Der Verwaltungsgerichtshof hat durch den Vorsitzenden Senatspräsident Dr. Degischer und die Hofräte Dr. Giendl, Dr. Kail, Dr. Pallitsch und Dr. Bernegger als Richter, im Beisein der Schriftführerin Oberkommissärin Dr. Gritsch, über die Beschwerde des Dipl.Ing. W in W, vertreten durch Dr. H, Rechtsanwalt in W, gegen den Bescheid der Bauoberbehörde für Wien vom , Zl. MD-VfR - B II - 4/85, betreffend eine Bauangelegenheit, zu Recht erkannt:

Spruch

Der angefochtene Bescheid wird wegen Rechtswidrigkeit infolge Verletzung von Verfahrensvorschriften aufgehoben.

Die Bundeshauptstadt Wien hat dem Beschwerdeführer Aufwendungen in der Höhe von S 12.800,-- binnen zwei Wochen bei sonstiger Exekution zu ersetzen. Das Mehrbegehren wird abgewiesen.

Begründung

Mit Bescheid des Magistrates der Stadt Wien, Magistratsabteilung 37, vom wurde dem Beschwerdeführer die Bewilligung zum Dachgeschoßausbau auf der Liegenschaft EZ n1, KG X, B-Straße 49, nach den mit dem amtlichen Sichtvermerk versehenen Plänen unter Nebenbestimmungen erteilt. Im Punkt 20) wurde folgendes vorgeschrieben:

"20) Gemäß § 54 BO ist in der vollen Länge der Baulinie im Zuge der Bauführung, spätestens jedoch bis zur Beendigung der Bauführung ein Gehsteig nach den Anordnungen der Behörde herzustellen. Vor Inangriffnahme der Gehsteigherstellung ist gemäß § 54 Abs. 10 BO um die Bekanntgabe der Breite und der Bauart und um die Aussteckung der Höhenlage beim Vermessungsdezernat der Baubehörde anzusuchen.

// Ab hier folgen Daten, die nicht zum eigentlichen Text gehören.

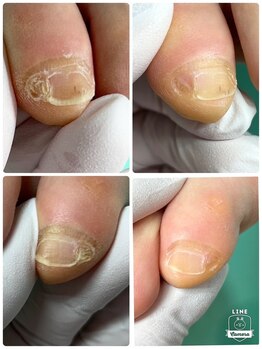 巻き爪補正店 姫路店/副爪→実は角質なんです!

Für die Gehsteigauf- und -überfahrt ist gemäß § 54 Abs. 9 BO bei der MA 28 ... eine gesonderte Bewilligung zu erwirken."

Ausschließlich gegen diese Nebenbestimmung erhob der Beschwerdeführer Berufung.

Mit Bescheid der Bauoberbehörde für Wien vom wurde diese Berufung als unbegründet abgewiesen. Die für den Straßenbau zuständige MA 28 habe die Kosten der Gehsteigherstellung mit S 111.027,21 inklusive Umsatzsteuer angegeben. Der Beschwerdeführer sei zur mündlichen Verhandlung am nicht erschienen. In dieser Verhandlung habe der Vertreter der Straßenverwaltung ausgeführt, der vorhandene Gehsteig entspräche nicht den derzeit geltenden Vorschriften und befinde sich in keinem guten Zustand. Eine laufende Verschlechterung sei durch Witterungseinflüsse zu erwarten. Es werde zu Frostaufbrüchen kommen. Die Gehsteigherstellung stehe wegen der sicheren Begehbarkeit im öffentlichen Interesse. Der Vertreter des Bezirksvorstehers habe sich diesen Ausführungen angeschlossen. Durch die Bewilligung des Dachausbaues sei für den Beschwerdeführer gemäß § 54 Abs. 1 BO grundsätzlich die Verpflichtung entstanden, in der vollen Länge der Baulinie des Bauplatzes in der von der Behörde bekanntgegebenen Breite, Höhenlage und Bauart (§ 54 Abs. 10 BO) einen Gehsteig herzustellen. Das Verhältnis zwischen den Kosten der Gehsteigherstellung und den Kosten jener Baumaßnahmen, welche die Verpflichtung zur Gehsteigherstellung auslösten, sei nur solange maßgebend, als das öffentliche Interesse an der Gehsteigherstellung nicht eine besondere Intensität ("Verlangen") erreiche. Ein solches Interesse läge hier vor. Die Behörde gehe davon aus, daß der vorhandene Gehsteig Schäden aufweise, die seine sichere Begehbarkeit in Frage stellten, weshalb die Neuherstellung eines Gehsteiges, der auch den geltenden Ausführungsvorschriften entspräche, geboten sei.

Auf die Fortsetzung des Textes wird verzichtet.